Em meados dos anos 90, as imagens capturadas pelo telescópio espacial Hubble revolucionaram o nosso entendimento do cosmos ao permitir que os astrônomos estimassem que havia entre 100 e 200 bilhões de galáxias no Universo observável. Agora, de acordo com Hanneke Weitering, do portal Space.com, essas mesmas imagens, conhecidas como “Campo Profundo do Hubble”, foram analisadas novamente — e voltaram a surpreender os cientistas.
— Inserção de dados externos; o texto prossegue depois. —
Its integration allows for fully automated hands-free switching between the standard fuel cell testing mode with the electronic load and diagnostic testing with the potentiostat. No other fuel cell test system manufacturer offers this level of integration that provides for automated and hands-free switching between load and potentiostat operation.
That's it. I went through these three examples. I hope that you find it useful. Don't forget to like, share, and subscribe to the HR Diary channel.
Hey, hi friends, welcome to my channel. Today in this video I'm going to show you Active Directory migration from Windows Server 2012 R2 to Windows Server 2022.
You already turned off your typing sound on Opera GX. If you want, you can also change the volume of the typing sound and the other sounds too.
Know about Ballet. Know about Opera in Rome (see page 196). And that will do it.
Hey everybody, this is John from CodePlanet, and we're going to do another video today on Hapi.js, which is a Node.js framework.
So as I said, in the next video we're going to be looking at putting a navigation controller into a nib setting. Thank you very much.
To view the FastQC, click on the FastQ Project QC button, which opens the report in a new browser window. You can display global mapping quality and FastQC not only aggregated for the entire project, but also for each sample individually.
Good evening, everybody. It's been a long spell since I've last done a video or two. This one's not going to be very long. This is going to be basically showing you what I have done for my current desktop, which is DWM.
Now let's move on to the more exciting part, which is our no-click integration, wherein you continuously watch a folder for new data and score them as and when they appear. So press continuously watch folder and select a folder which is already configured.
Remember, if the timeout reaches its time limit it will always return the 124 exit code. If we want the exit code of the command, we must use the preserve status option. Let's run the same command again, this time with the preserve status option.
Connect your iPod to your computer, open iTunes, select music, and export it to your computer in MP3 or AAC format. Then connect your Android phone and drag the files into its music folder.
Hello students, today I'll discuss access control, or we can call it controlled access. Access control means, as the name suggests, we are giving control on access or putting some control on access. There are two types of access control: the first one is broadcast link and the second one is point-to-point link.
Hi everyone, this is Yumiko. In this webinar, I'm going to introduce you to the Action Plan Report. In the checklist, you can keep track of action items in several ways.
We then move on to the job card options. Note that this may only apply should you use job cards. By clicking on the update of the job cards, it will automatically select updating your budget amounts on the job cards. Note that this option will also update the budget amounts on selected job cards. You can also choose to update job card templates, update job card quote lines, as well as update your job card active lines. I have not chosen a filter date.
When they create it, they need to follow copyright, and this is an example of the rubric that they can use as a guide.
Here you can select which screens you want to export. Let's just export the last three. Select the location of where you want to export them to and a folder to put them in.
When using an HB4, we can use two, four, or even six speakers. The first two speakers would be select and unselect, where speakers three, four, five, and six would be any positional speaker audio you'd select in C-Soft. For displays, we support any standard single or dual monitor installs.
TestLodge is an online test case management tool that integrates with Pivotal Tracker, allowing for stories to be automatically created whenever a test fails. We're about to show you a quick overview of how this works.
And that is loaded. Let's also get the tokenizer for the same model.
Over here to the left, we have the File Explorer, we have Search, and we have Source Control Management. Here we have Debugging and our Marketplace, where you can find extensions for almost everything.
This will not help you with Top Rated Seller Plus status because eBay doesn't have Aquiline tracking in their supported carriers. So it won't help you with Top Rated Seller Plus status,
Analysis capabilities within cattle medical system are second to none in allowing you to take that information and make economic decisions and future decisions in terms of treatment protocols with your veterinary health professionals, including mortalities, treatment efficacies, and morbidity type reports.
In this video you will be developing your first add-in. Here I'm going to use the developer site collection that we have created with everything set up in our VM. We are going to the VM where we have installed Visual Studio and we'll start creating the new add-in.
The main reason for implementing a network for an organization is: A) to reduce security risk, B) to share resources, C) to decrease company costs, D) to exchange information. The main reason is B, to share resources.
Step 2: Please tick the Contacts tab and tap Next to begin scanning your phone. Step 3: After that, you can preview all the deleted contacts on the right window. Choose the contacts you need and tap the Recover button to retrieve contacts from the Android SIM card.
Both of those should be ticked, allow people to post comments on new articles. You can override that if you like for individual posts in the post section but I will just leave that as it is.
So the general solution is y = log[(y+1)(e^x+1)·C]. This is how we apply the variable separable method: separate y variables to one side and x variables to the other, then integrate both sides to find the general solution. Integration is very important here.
Segundo Hanneke, um time internacional de astrônomos decidiu reavaliar as imagens do campo profundo em conjunto com outros dados coletados pelo próprio Hubble e outros telescópios, e transformaram tudo em um detalhado mapa tridimensional. A nova análise revelou que, na verdade, a antiga estimativa do número de galáxias no Universo observável estava bem abaixo do real — e que há entre 10 e 20 vezes mais galáxias no cosmos do que se pensava!

Novo censo

A descoberta aconteceu depois que os astrônomos converteram os dados que eles reuniram em imagens 3D e empregarem novos modelos matemáticos para calcular a existência de galáxias que provavelmente não foram “enxergadas” ainda pelos telescópios atuais — por não serem brilhantes o suficiente ou por estarem distantes demais para que equipamentos possam detectá-las.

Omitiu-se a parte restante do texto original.